In the summers, my husband works very long hours, sometimes leaving the house at 4 a.m., returning at 8 p.m. and promptly going back to bed. Occasionally, he even works across the state from us. When our first daughter was a newborn, he was home one day a week for four months. In hindsight, I’m amazed we were able to make it through that season of our lives, but at the time, I sustained myself by continually repeating the above mantra: “take it ten minutes at a time.” When I felt like my loneliness and anxiety were going to break me as I sat on the couch with a squalling baby, I told myself to look no further into the future than ten minutes. If I tried to think about the fact that my husband wouldn’t be home for five or six more days, I would’ve been completely crushed by the weight of that thought. As hard as it may be, at your darkest times, only allow yourself to think ten minutes into the future.
3. “Sickness is a part of life.”
Maybe not everyone is as terrified about illness as I am, but I can only imagine how many times I’ve googled the incubation period for x disease, analyzing how the germs are spread and scrutinizing every person I come into contact with for symptoms (I never should’ve taken that epidemiology class in college). This fear is powerful by itself, but it’s only amplified when one becomes a parent, especially when your child can’t necessarily tell or describe their symptoms to you. However, you will never be able to fully shield your children from illness. Colds, stomach bugs, even the flu are all part of life. Yes, they are awful. Yes, you can protect yourselves to a certain extent. But you also don’t want to live your life in fear of them catching something. Sickness, unfortunately, is a part of life.

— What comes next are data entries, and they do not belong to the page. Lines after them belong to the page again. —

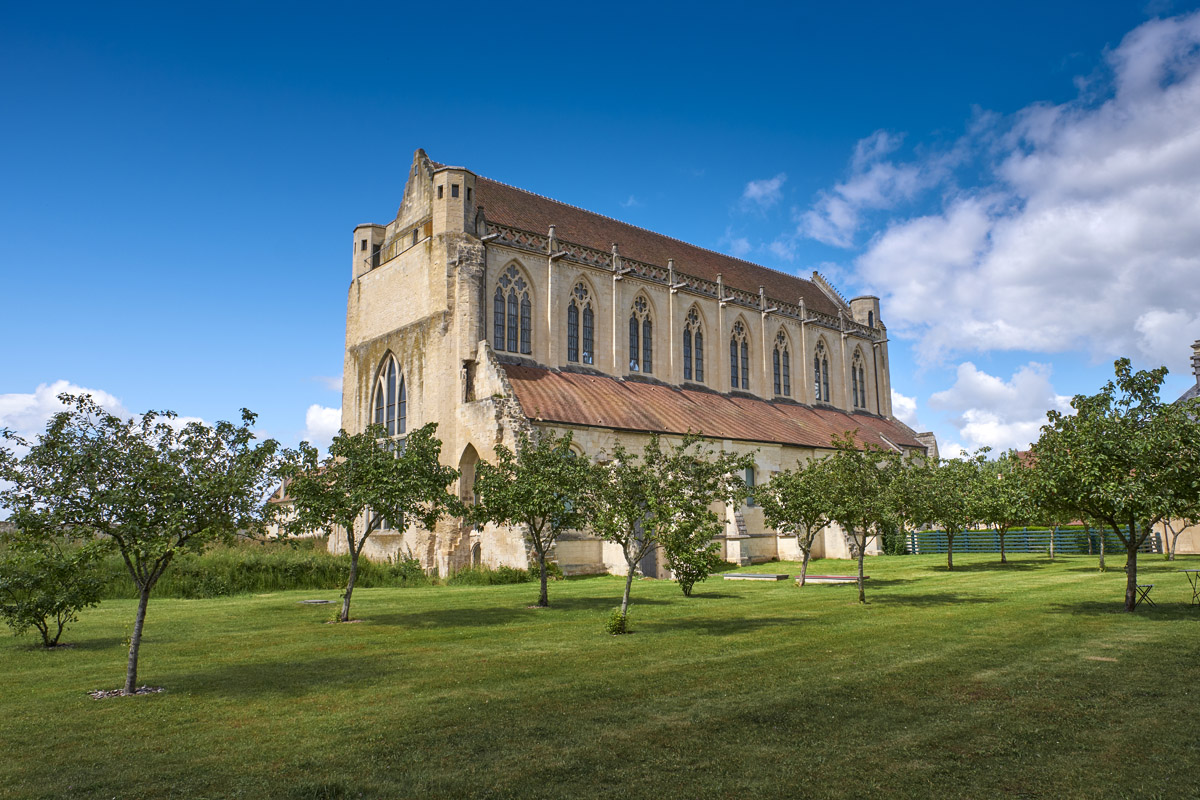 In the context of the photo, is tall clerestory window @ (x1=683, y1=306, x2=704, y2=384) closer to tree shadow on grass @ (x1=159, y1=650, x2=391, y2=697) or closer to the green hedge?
the green hedge

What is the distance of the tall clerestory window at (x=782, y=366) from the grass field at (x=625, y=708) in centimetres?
3503

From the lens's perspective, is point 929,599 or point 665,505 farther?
point 929,599

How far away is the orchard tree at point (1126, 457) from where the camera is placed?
56.8ft

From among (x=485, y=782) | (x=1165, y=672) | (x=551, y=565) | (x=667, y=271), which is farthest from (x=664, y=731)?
(x=667, y=271)

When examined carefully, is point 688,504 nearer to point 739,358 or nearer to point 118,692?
point 118,692

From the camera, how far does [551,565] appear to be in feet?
103

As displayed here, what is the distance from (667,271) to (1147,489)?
3205 centimetres

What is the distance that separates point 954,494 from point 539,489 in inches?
820

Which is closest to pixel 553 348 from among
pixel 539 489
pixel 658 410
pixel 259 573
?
pixel 658 410

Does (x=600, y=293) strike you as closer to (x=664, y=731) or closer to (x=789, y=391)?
(x=789, y=391)

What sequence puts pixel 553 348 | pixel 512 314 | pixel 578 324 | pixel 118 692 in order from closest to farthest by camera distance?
pixel 118 692 → pixel 512 314 → pixel 553 348 → pixel 578 324

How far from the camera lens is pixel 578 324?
42.8 meters

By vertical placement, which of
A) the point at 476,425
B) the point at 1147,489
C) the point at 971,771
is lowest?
the point at 971,771

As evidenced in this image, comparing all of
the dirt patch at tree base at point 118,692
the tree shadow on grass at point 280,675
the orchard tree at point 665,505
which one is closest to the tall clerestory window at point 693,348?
the orchard tree at point 665,505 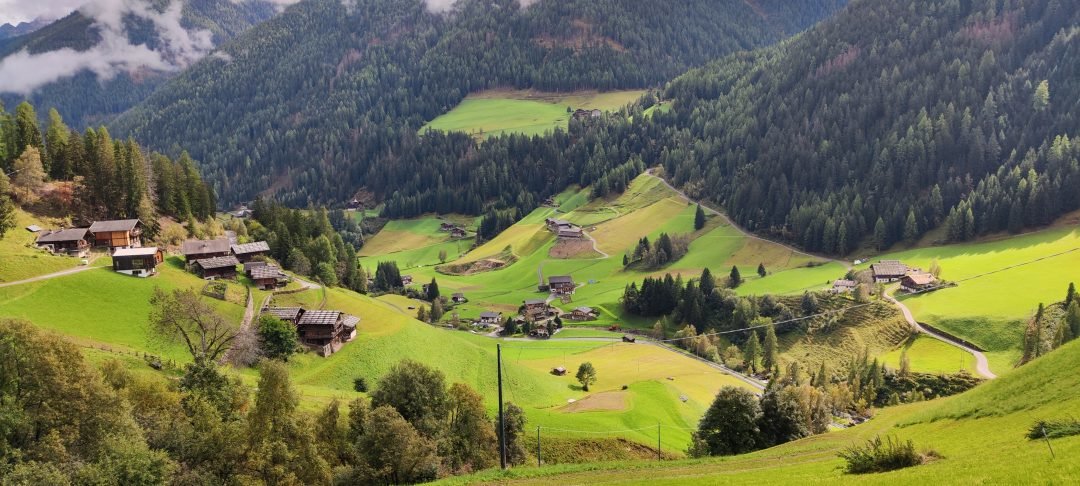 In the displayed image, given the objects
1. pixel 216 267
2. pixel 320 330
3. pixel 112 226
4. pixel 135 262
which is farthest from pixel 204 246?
pixel 320 330

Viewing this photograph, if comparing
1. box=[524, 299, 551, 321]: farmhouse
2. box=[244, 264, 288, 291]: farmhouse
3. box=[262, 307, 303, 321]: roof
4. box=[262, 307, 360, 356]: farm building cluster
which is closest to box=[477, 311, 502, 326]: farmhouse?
box=[524, 299, 551, 321]: farmhouse

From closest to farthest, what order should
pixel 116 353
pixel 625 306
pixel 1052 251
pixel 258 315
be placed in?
1. pixel 116 353
2. pixel 258 315
3. pixel 1052 251
4. pixel 625 306

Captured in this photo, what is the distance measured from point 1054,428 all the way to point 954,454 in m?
4.69

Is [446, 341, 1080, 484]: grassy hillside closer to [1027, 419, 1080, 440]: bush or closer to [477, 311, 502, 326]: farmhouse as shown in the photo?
[1027, 419, 1080, 440]: bush

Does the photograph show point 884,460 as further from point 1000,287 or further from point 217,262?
point 1000,287

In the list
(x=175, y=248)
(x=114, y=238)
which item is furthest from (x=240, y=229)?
(x=114, y=238)

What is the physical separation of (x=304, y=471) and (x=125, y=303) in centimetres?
5003

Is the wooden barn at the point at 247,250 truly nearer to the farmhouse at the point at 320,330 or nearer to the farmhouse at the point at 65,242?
the farmhouse at the point at 65,242

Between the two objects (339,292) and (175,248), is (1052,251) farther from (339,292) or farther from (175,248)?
(175,248)

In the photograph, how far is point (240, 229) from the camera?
422 feet

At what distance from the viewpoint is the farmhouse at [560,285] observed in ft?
600

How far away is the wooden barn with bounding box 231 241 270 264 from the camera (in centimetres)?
10656

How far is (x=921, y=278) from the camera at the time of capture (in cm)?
14175

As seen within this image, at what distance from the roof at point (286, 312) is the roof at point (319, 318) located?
1004mm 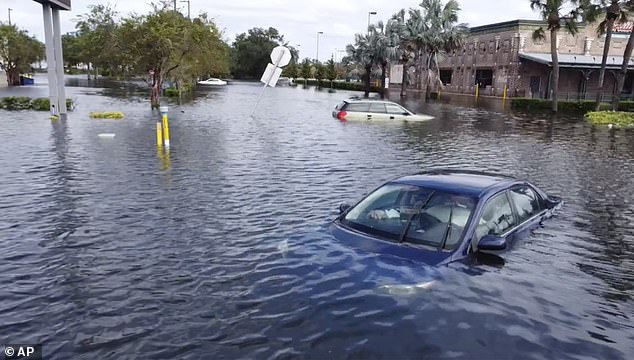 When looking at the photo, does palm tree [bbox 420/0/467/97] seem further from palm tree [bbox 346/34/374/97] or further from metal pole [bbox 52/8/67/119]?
metal pole [bbox 52/8/67/119]

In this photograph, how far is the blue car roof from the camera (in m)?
7.00

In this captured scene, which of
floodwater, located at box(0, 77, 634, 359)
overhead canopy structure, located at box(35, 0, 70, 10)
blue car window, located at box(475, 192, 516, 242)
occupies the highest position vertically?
overhead canopy structure, located at box(35, 0, 70, 10)

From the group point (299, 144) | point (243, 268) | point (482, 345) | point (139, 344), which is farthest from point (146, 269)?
point (299, 144)

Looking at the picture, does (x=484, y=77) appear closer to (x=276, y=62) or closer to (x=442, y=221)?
(x=276, y=62)

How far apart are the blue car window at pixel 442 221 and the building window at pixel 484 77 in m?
62.1

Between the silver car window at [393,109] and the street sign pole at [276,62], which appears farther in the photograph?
the silver car window at [393,109]

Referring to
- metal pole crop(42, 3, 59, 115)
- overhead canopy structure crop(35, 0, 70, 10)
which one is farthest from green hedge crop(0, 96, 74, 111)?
overhead canopy structure crop(35, 0, 70, 10)

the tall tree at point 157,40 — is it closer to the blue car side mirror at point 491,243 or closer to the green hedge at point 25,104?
the green hedge at point 25,104

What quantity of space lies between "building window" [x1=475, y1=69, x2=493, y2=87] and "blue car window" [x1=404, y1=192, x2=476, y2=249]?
62.1 m

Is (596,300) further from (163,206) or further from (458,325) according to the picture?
(163,206)

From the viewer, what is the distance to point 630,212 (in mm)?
10586

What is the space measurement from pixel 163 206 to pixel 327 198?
3.21 metres

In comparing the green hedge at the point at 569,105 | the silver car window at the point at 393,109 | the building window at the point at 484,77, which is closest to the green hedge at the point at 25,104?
the silver car window at the point at 393,109

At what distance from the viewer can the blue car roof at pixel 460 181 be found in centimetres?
700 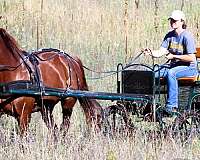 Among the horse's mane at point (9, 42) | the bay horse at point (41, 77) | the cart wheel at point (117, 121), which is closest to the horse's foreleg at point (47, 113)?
the bay horse at point (41, 77)

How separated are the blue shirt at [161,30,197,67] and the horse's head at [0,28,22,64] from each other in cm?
179

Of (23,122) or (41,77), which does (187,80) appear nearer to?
(41,77)

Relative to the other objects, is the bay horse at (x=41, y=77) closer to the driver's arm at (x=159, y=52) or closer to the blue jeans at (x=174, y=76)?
the blue jeans at (x=174, y=76)

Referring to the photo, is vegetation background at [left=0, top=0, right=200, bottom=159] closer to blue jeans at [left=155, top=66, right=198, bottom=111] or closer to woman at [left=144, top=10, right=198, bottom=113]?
blue jeans at [left=155, top=66, right=198, bottom=111]

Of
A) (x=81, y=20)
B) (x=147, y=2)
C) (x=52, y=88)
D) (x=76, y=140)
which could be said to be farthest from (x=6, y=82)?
(x=147, y=2)

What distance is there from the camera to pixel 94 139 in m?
5.71

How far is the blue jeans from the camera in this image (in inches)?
244

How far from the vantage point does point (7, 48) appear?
6211 mm

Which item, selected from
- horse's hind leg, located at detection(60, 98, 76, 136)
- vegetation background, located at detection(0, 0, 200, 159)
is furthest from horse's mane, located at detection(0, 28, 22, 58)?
horse's hind leg, located at detection(60, 98, 76, 136)

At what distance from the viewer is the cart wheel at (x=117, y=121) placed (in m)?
6.19

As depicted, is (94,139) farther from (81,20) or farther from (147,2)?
(147,2)

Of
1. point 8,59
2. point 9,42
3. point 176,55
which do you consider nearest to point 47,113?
point 8,59

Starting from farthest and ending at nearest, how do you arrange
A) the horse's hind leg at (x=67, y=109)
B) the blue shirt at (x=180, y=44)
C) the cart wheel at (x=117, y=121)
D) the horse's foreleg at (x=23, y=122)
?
the horse's hind leg at (x=67, y=109) < the blue shirt at (x=180, y=44) < the cart wheel at (x=117, y=121) < the horse's foreleg at (x=23, y=122)

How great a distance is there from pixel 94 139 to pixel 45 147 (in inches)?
22.5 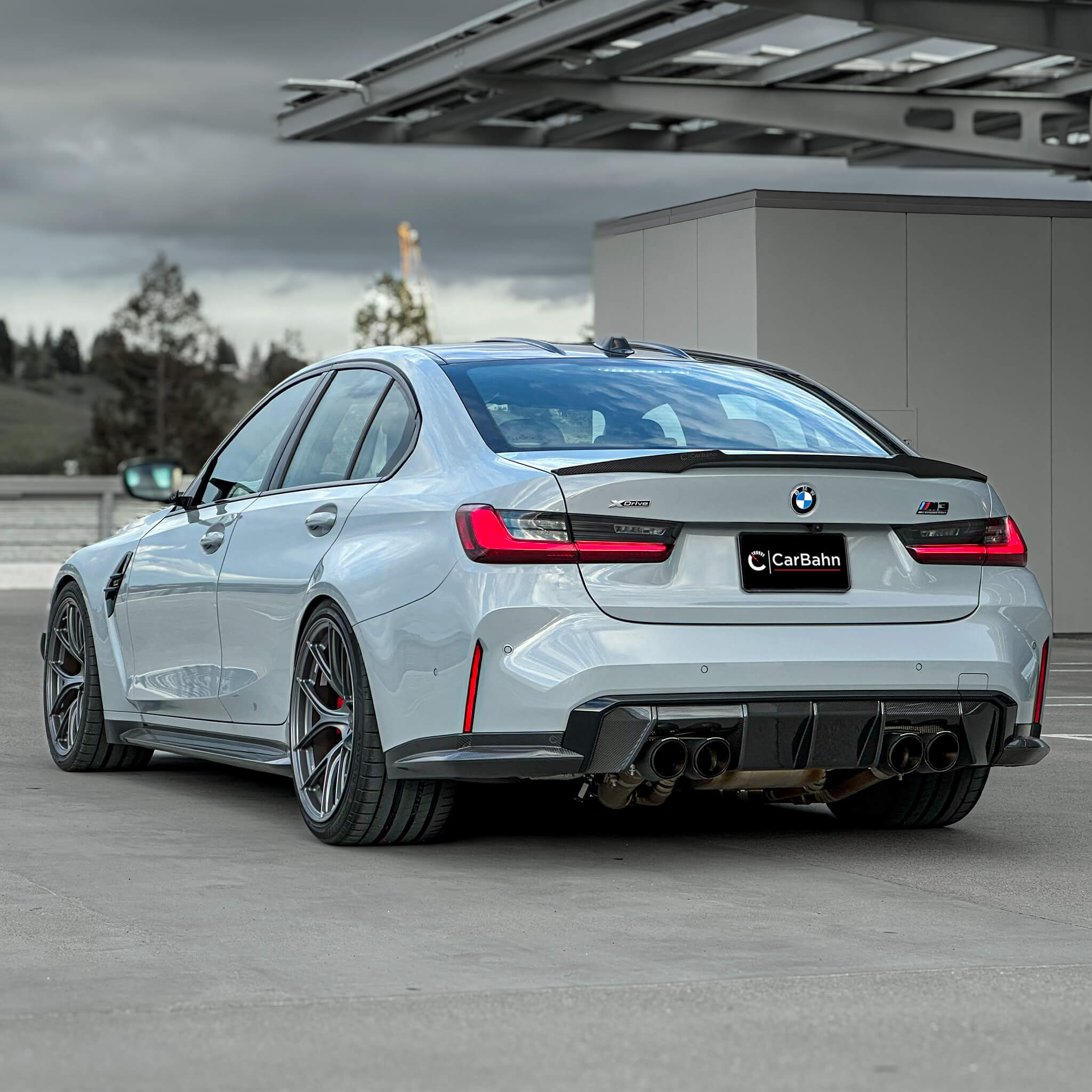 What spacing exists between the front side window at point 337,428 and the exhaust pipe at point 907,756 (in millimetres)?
2006

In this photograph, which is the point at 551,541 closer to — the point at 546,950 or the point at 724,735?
the point at 724,735

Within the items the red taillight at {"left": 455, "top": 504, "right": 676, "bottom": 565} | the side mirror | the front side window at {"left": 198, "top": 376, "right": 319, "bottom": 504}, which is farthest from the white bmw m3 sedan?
the side mirror

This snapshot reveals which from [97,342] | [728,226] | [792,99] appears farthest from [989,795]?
[97,342]

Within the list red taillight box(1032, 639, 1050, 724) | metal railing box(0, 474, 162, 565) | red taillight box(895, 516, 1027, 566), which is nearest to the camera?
red taillight box(895, 516, 1027, 566)

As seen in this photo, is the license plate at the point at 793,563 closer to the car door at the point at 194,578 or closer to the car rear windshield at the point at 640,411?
the car rear windshield at the point at 640,411

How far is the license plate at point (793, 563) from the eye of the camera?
631 centimetres

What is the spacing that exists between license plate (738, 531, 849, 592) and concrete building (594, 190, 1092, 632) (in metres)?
12.6

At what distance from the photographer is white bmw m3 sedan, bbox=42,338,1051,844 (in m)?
6.15

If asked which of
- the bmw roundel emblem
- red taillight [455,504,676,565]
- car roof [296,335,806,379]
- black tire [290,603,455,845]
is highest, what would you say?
car roof [296,335,806,379]

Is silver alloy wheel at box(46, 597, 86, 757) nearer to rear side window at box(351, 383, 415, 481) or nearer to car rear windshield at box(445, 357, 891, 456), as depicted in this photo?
rear side window at box(351, 383, 415, 481)

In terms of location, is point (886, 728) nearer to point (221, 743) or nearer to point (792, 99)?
point (221, 743)

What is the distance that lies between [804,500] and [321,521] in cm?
162

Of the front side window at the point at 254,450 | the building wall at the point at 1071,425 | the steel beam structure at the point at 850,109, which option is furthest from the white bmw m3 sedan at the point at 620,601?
the steel beam structure at the point at 850,109

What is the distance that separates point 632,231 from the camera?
20.4 metres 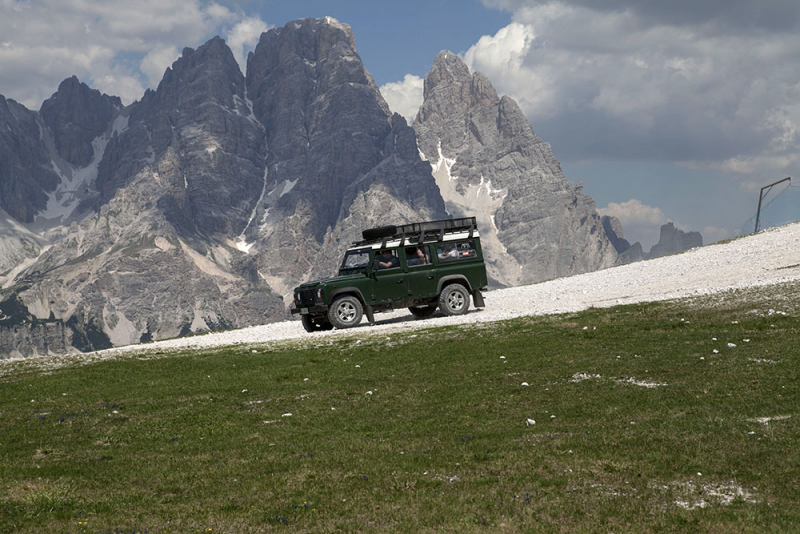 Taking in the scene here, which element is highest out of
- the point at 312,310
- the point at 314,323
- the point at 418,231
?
the point at 418,231

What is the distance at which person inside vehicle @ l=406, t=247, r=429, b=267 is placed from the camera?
112 ft

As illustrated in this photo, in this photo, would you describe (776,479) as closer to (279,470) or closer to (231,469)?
(279,470)

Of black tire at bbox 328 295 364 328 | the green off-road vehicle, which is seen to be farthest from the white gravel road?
the green off-road vehicle

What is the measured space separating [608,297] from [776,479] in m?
26.7

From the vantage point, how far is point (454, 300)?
35188 millimetres

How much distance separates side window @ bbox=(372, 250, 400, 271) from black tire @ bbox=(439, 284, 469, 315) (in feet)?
9.25

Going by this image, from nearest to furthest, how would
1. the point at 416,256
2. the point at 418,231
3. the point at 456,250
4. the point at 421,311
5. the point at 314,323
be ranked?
the point at 416,256
the point at 314,323
the point at 418,231
the point at 456,250
the point at 421,311

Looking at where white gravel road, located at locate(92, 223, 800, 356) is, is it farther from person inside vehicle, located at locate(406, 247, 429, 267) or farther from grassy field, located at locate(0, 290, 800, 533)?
grassy field, located at locate(0, 290, 800, 533)

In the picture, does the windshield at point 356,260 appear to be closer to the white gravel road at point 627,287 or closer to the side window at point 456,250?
the white gravel road at point 627,287

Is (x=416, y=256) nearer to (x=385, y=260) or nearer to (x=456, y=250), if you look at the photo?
(x=385, y=260)

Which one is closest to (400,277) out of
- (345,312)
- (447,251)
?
(447,251)

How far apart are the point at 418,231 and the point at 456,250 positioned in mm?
2064

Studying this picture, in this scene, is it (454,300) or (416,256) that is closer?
(416,256)

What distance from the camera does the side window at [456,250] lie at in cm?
3497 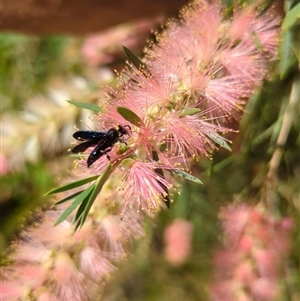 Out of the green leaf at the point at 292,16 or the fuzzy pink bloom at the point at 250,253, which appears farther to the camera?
the fuzzy pink bloom at the point at 250,253

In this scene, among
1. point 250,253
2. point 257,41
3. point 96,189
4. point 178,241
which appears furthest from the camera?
point 178,241

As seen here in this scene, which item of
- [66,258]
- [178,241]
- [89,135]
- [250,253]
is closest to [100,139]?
[89,135]

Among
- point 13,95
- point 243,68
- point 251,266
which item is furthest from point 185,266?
point 243,68

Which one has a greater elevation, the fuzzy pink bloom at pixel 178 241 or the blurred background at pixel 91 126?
the blurred background at pixel 91 126

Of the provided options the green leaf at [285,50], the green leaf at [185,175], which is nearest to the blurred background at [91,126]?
the green leaf at [285,50]

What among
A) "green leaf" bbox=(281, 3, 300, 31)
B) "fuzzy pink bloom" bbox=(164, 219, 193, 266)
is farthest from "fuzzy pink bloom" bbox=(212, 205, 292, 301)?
"green leaf" bbox=(281, 3, 300, 31)

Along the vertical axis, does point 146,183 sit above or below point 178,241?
above

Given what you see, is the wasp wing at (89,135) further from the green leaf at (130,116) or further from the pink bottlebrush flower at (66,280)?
the pink bottlebrush flower at (66,280)

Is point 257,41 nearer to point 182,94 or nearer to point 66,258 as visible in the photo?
point 182,94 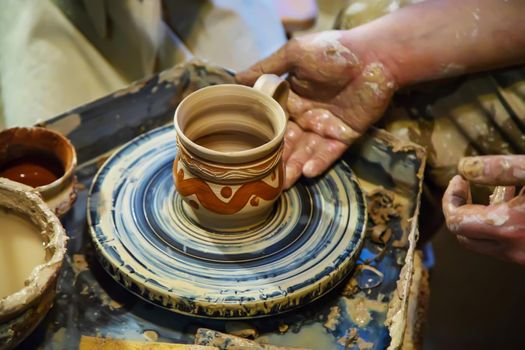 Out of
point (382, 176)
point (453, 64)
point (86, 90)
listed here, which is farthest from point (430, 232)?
point (86, 90)

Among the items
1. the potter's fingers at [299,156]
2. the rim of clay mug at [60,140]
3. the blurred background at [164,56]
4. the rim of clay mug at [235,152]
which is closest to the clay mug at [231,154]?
the rim of clay mug at [235,152]

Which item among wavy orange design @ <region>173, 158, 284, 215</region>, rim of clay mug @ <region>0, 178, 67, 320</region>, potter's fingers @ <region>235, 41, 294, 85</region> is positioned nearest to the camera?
rim of clay mug @ <region>0, 178, 67, 320</region>

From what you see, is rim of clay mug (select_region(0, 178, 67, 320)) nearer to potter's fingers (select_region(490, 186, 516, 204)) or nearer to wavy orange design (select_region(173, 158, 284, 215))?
wavy orange design (select_region(173, 158, 284, 215))

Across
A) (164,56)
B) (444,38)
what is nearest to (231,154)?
(444,38)

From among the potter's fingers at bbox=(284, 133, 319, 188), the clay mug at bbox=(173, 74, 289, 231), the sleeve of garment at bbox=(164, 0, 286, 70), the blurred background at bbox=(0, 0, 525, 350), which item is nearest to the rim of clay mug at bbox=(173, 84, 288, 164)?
the clay mug at bbox=(173, 74, 289, 231)

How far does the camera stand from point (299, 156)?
53.9 inches

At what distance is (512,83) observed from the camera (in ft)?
4.53

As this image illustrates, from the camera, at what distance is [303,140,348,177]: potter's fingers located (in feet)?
4.31

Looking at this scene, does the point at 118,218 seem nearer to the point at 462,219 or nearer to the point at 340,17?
the point at 462,219

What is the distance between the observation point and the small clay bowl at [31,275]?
87cm

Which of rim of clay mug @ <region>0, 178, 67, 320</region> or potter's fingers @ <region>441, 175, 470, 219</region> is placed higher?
rim of clay mug @ <region>0, 178, 67, 320</region>

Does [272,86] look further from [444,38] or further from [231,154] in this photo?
[444,38]

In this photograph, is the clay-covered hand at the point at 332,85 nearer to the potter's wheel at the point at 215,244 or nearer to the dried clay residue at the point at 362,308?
the potter's wheel at the point at 215,244

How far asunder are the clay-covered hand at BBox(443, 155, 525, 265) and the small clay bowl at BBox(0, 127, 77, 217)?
29.5 inches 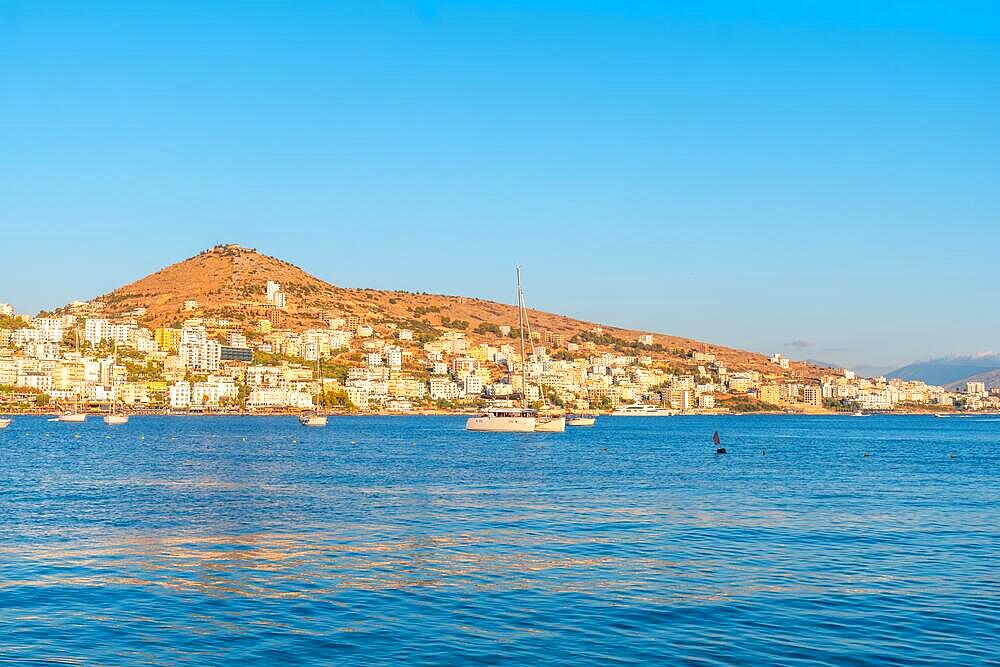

4. “It is out of my hands.”
We live in uncertain times. From school shootings and terrorists, to car accidents and cancer, we are bombarded with bad news. I spent the first months of my daughter’s life petrified about SIDS, sleeping on the floor by her crib and attempting to set up complicated breathing monitors. One night I was tearfully texting my mom how I was terrified I would wake up one morning and she wouldn’t be breathing. “She is in a safe place, and you’re following all recommendations — the rest is out of your hands,” she replied. That became a phrase I said to myself every night as I leaned over her bed and watched her eyelashes flutter, her chest rising and falling. “I have done what I can; the rest is out of my hands.” This applies on a worldwide scale as well. When I am watching the news and feeling panicked over threats of war, my husband says, “How will your worrying cause world peace?” He is right: that, too, is out of my hands. You cannot stop things from happening by worrying about them.
5. “Be here.”
We may never be freed from our anxieties, parents or not. The best I can do is learn how to handle these thoughts and dismiss them. By indulging intrusive or anxious thoughts, I am losing out on precious time with my little ones. I could be sitting on my phone researching flu symptoms or using a notepad to write down a huge list of tasks I need to do, but if I let those things consume me, I will miss my toddler dancing to her favorite song on the radio, or my newborn smiling at me out of pure instinctual response to seeing my face. Remind yourself to be present, physically and mentally — sometimes, that in itself can be the greatest solution.